Italian homicide police removed the items from the corpses of about 90 men, women and infants who perished aboard three different boats this summer.
They preserved the personal effects – a beaded necklace, religious items both Christian and Muslim, a wedding picture, an Istanbul bus pass – as potential evidence to use in court against their smugglers, and to identify the corpses.
“We treat these cases as murder cases,” said Giovanni Drago, a longtime member of Palermo’s homicide squad, which gave Reuters permission to photograph the possessions.
They offer a glimpse into the lives of a few of the 3,500 people who have died this year crossing the Mediterranean, desperate to reach Europe.
Many of the corpses brought to Palermo had been removed from below the deck of a wooden fishing boat. Jammed together next to the motor, the migrants suffocated, autopsies revealed.

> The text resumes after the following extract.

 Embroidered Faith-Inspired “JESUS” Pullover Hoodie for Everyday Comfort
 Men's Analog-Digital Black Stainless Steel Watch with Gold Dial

The Africa-Italy route is the deadliest, recording more than 80 percent of the total Mediterranean migrant deaths in 2015. Italy has taken in more than 140,000 people amid the biggest immigration crisis Europe has seen since World War Two.

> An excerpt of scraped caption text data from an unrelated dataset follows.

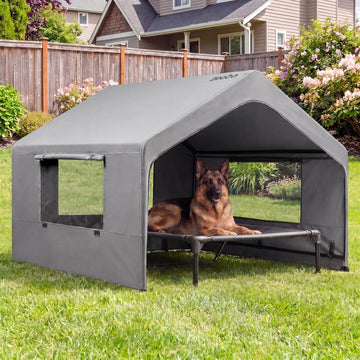 Extra Large Dog Shade with Elevated Bed, Outdoor Dog House Waterproof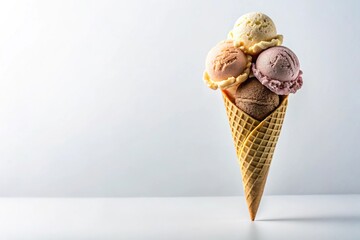 Ice cream cone with multiple scoops isolated on white background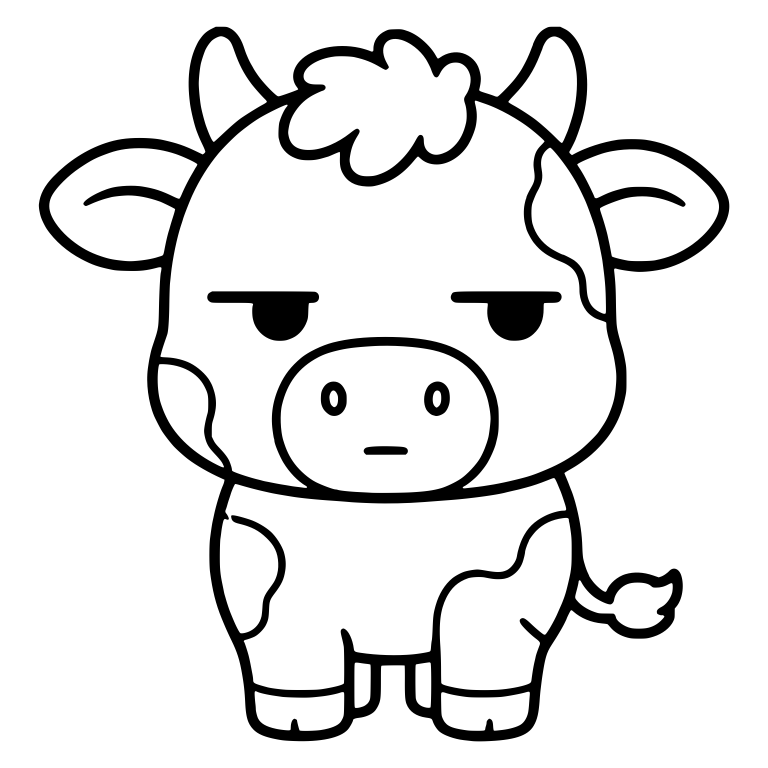 Unimpressed Calf Standing With Half-Lidded Eyes — free animal SVG cut file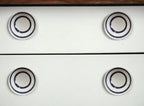 Set of Eight Black And White Ceramic And Metal Drawer Pull Knobs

Escaping war, persecution or severe poverty, migrants pay from $1,200 to $1,600 to smugglers, according to Sicilian prosecutors, in a gamble to reach Europe in unseaworthy boats overloaded to maximise profit.
After Greek officials said one of the Paris suicide bombers arrived on a migrant boat from Turkey, an increasing number of European Union countries have balked at taking in more asylum seekers, and some 25 U.S. governors have vowed to resist hosting Syrian refugees.

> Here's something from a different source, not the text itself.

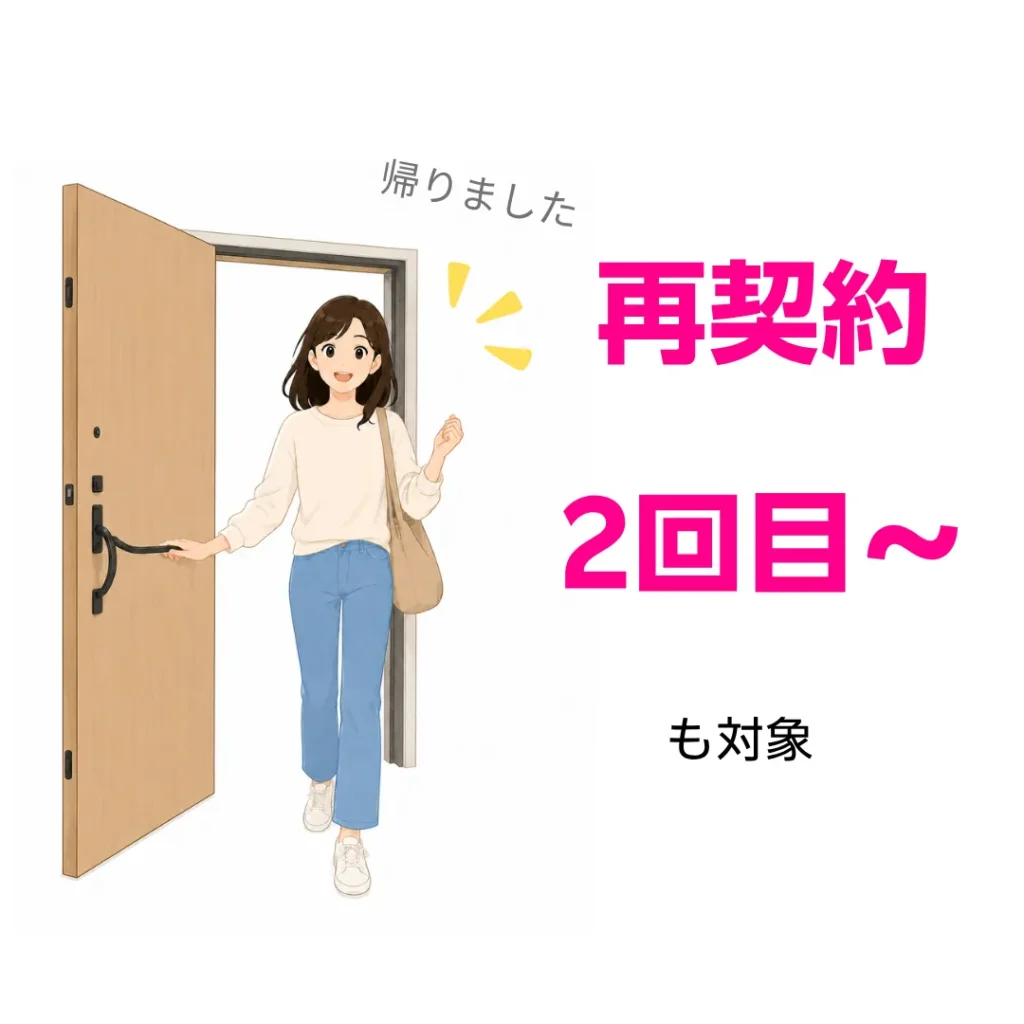 玄関から笑顔で入ってくる女性。「再契約 2回目~」の文字があり、再契約キャンペーンを告知している。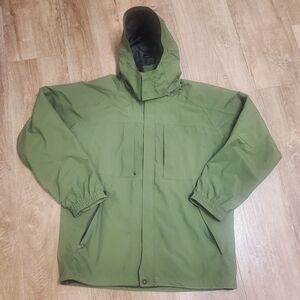 Eddie Bauer WeatherEdge Full Zip Jacket Mens M Green Removable Hood Pockets EUC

But Italian authorities said that the sea route probably is too risky for well-funded and organised Islamist groups who want to efficiently sneak militants into Europe. And Italian police, who speak to survivors during their investigations, said the migrants they have met are regular people, not extremists.
“They are simply people in search of a better life. They are just like us. They have the same desires and needs.”Giovanni Drago
Alpha Sesay, a 36-year-old man born in Sierra Leone, and his two-year-old daughter Prosperin survived a crossing in July, but his 30-year-old wife, Amanda, died.
They were fleeing Tripoli, Libya, where he had lived for almost six years, after he said he was stabbed in the chest in his home for being a Christian.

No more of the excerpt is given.